7 TONLUK ARAÇLA YANGINA
Tarihinde hiç kadın itfaiyeci almayan bir teşkilatta meslektaşları tarafından nasıl karşılandıklarını soruyorum. Tuğba Kaya yanıtlıyor:
“Ekibe ilk girdiğimizde tabii kimse kadın itfaiyeciye alışık değil. Onlar bize biz onlara nasıl hitap edeceğimizi şaşırdık. Ama sonra hepsi bizi kardeşi gibi gördü, deneyimlerini aktardı. Bizi erkek ya da kadın diye ayırmadılar. İlk zamanlarda mesela 7 tonluk araçla bir göreve gidiyordum.
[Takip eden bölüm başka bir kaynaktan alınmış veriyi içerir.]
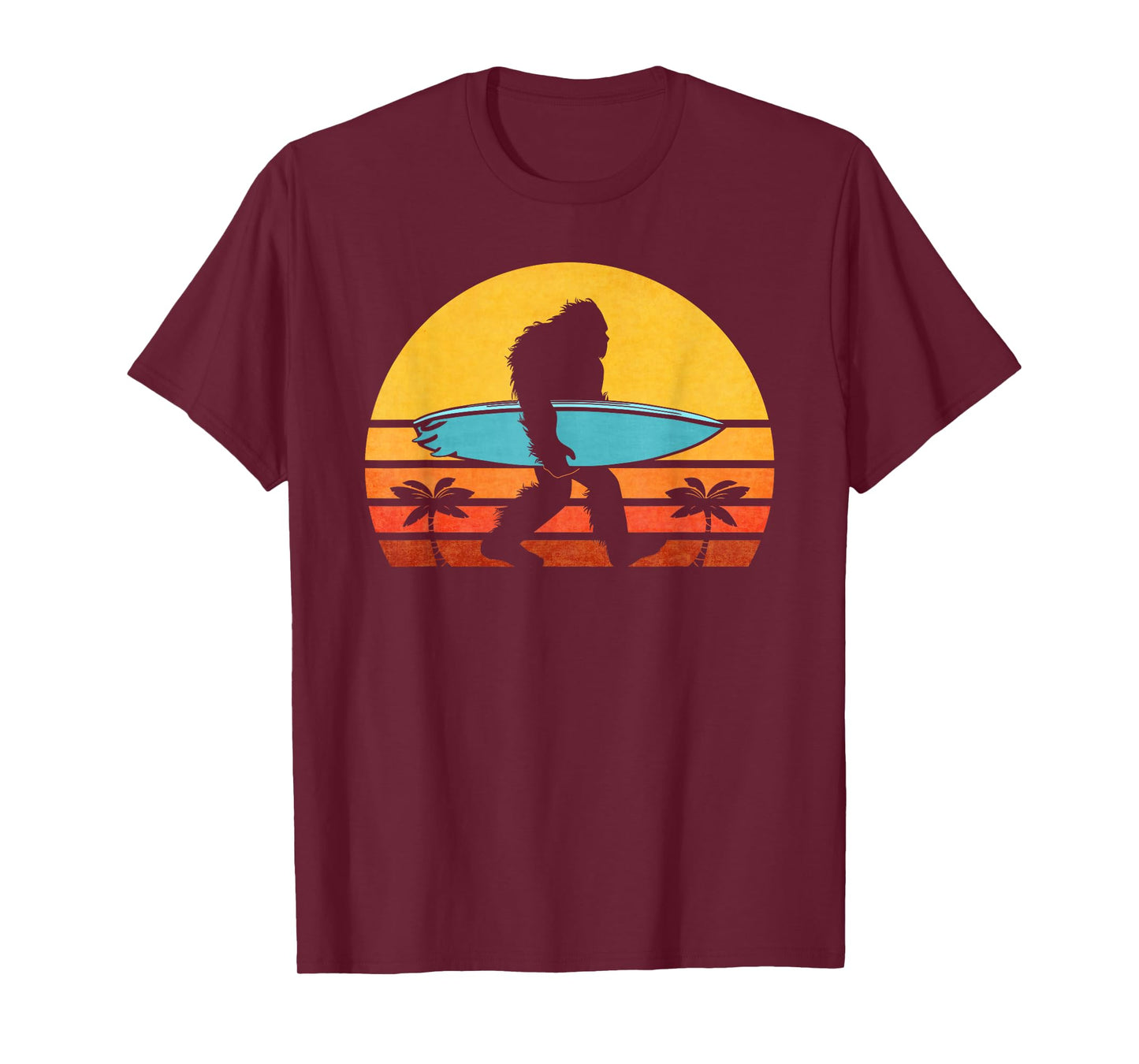Bigfoot Retro Surfing T-Shirt, Tropical Sasquatch Surfer Tee T-Shirt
Bir arkadaşımın ‘keşke Tuba’ya o aracı vermeseydiniz’ dediğini duydum ve alındım. ‘Neden bana güvenmiyor musun’ dedim. Ama o bu aracın özellikleri gereği daha önce sürmediğim için öyle söylediğini, kendisinin de aracı süremediğini anlattı. Zamanla birbirimizi anladık.”
ZIPLAYARAK YAKALADIM
Tuba Kaya, ilk büyük yangın deneyiminde teşkilatın gözüne giren bir performans sergilemiş. “İlk büyük yangın deneyimimi Esenyurt’ta yaşadım. Büyük bir fabrika yangınıydı. Çok sayıda itfaiye grubu gelmişti, hep birlikte müdahale ediyorduk. Suda bir sıkıntı vardı. Çok basınçlı gelmeye başladı. O basınçla bizim abi hortumu tutamadı. Hortum havada uçmaya insanlara çarpmaya başladı, büyük bir tehlike vardı, zıplayıp hortumun üzerine atladım ve yakaladım. Meğer benden böyle bir şey beklemiyorlarmış. Epey övgü aldım. Daha sonra ‘Tuba’ diye seslendiler meğer içeride hayatını kaybetmiş biri varmış. Beni çağırdılar. Kadın olduğum için ne tepki vereceğimi merak etmişler. Ağlayacak mıyım, bakabilecek miyim? Ben hiçbir tepki vermeyerek yapmam gerekenleri yaptım. Elbette insan görünce üzülüyor, duygusuz değilim ama bizim artık daha profesyonel yaklaşmamız lazım.”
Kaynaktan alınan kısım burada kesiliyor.